S a fui son pays d’origine pour cause de persécution politique et parce que sa vie était en danger. L’Etat belge a accepté ces arguments et l’a reconnu en tant que réfugié politique. S. ne peut donc comprendre qu’un Etat qui se dit démocratique sanctionne des activités politiques.
Selon la Sûreté de l’Etat, S. est un « ancien président d’un groupe maoïste qui veut réunir les combattants du Népal et qui entretient des contacts avec des responsables du ‘Parti du Travail’ en Belgique ». En outre, toujours selon la Sûreté, il a participé à une action devant l’ambassade du Népal à Bruxelles en 2000.
La procédure de déclaration de nationalité étant une procédure juridique, S. peut aller en appel contre ce refus devant le tribunal de première instance, ce qu’il fait.
Le parquet d’Anvers ne conçoit que trop bien que les seules activités politiques ne constituent pas une raison suffisante pour refuser la nationalité. Le fait qu’un réfugié politique pacifique développe des activités politiques est logique et totalement légal au sein de notre régime démocratique. En outre, après une contestation populaire massive et de longue haleine, l’opposition fait désormais partie du gouvernement népalais. Et le parquet ne peut que difficilement utiliser des arguments tels que des contacts avec le Parti du Travail en tant que ‘faits graves’ pour refuser la nationalité.

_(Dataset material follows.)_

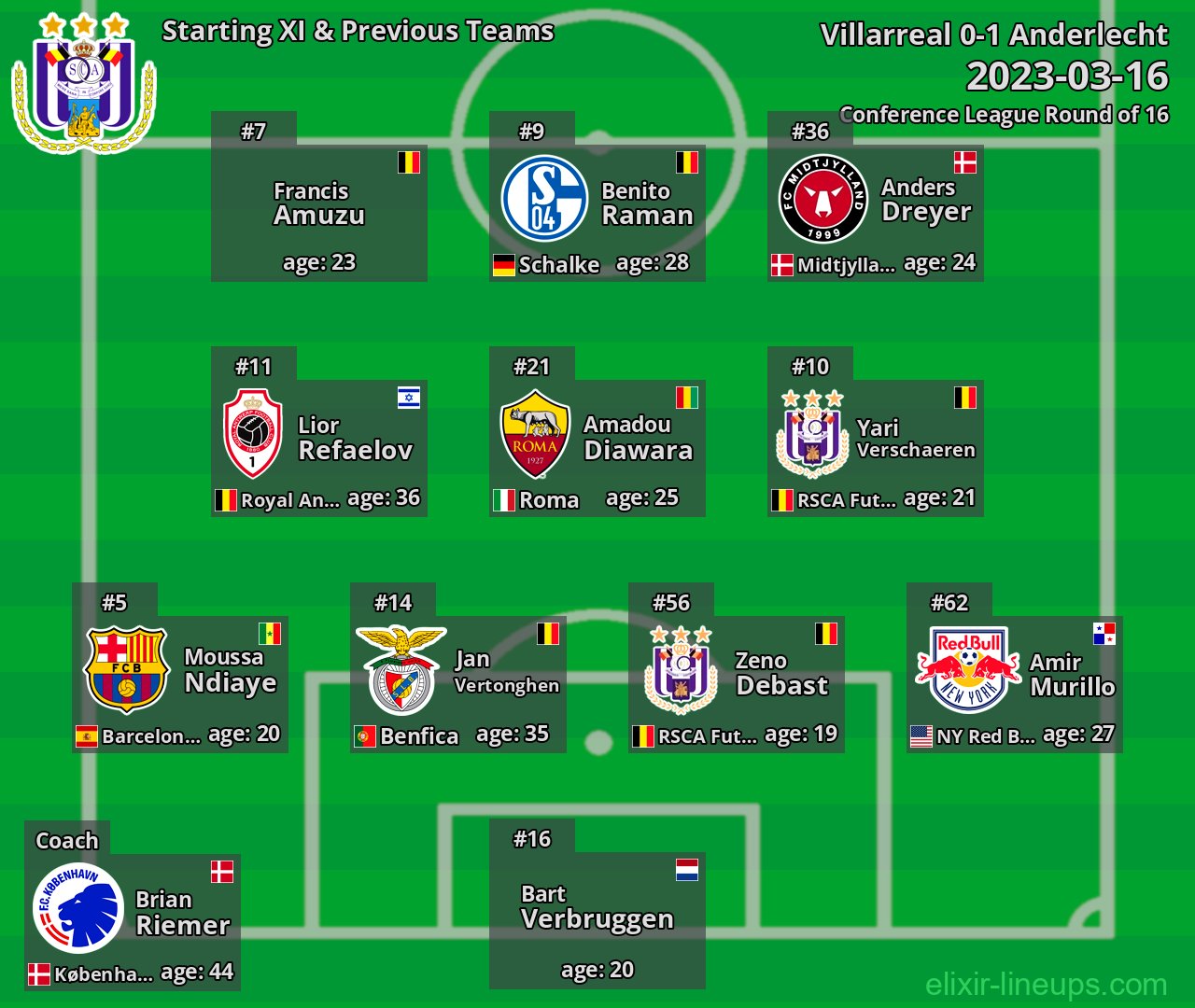 Anderlecht Starting XI & Previous Teams 2023-03-16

L’argument principal du parquet d’Anvers est dès lors ‘un manque du sens des responsabilités’ et est avancé comme ‘fait grave’ pour refuser la nationalité :
« Considérant que les antécédents de l’intéressé montrent un manque sérieux du sens des responsabilités et un faible taux de conscience faisant en sorte que l’intérêt propre soit prépondérant et que l’intéressé manque de respect pour l’intégrité et le droit de propriété de tiers ;
Que ce faisant l’intéressé ne tient nullement compte de nos lois et de nos usages et se soustrait aux obligations imposées démocratiquement par les autorités ».
Plus loin dans l’argumentation, le parquet parle de « preuves de négation systématique des lois belges et des règles de conduite et de rejet de toute puissance des autorités judiciaires et/ou de leurs décisions ».

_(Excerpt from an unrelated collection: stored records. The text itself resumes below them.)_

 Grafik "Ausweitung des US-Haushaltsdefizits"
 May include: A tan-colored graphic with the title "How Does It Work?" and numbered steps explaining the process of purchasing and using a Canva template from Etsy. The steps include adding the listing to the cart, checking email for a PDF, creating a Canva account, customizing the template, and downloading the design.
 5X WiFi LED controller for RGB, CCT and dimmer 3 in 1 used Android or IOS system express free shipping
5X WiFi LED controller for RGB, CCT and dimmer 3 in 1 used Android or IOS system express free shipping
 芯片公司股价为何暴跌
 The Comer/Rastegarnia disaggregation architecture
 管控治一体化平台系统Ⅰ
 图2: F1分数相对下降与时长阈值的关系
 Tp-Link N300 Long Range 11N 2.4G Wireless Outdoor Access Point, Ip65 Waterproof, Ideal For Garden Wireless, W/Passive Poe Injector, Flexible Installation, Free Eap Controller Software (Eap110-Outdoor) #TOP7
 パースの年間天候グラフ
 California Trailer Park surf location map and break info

 Et pourtant, S. n’a jamais fait l’objet d’aucune condamnation. Le parquet d’Anvers considère-t-il ses activités politiques comme « la négation systématique des lois belges et des règles de conduite » ? Ceci serait particulièrement scandaleux et surtout antidémocratique.
S. était tellement choqué par cette argumentation du parquet qu’il a pris un avocat et est allé en appel. Cela lui a déjà coûté 52 euros de droit de greffe en plus des honoraires de l’avocat. En tant que réfugié politique, il s’était imaginé notre démocratie toute autre.